## What is needed
From the records that follow, give the number of lines that include the word "Super", with no further words.

(Recorded data)
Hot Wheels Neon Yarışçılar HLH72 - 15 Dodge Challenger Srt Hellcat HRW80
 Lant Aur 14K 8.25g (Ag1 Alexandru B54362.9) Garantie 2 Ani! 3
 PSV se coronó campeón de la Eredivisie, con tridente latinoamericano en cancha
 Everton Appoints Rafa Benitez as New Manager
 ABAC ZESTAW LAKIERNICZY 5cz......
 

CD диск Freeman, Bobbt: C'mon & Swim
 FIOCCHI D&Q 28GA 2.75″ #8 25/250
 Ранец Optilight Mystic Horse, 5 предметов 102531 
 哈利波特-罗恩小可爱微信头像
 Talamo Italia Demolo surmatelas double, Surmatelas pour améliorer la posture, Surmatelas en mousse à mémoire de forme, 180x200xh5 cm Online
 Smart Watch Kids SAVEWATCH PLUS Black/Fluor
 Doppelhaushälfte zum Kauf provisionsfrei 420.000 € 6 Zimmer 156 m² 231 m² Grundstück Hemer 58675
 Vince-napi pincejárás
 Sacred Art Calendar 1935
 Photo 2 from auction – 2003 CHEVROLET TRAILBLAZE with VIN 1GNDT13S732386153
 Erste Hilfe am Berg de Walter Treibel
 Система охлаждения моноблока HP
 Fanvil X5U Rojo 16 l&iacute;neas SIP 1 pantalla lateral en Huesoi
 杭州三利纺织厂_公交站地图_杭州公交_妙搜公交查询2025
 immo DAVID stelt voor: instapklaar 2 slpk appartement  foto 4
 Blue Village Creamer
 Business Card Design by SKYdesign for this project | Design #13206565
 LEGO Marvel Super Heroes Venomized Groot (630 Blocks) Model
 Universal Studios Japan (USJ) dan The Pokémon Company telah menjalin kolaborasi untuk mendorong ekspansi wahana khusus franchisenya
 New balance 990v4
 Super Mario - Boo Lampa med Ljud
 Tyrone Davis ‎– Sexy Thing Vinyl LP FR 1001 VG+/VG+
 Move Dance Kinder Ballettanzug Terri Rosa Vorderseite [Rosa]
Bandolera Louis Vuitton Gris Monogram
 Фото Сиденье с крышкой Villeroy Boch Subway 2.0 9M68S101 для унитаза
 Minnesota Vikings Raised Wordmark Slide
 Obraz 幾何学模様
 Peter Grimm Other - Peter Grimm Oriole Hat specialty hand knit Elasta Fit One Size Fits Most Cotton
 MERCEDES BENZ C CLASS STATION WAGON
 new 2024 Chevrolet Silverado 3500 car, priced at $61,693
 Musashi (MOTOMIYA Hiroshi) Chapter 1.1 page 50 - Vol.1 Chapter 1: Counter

## Solution to this task
2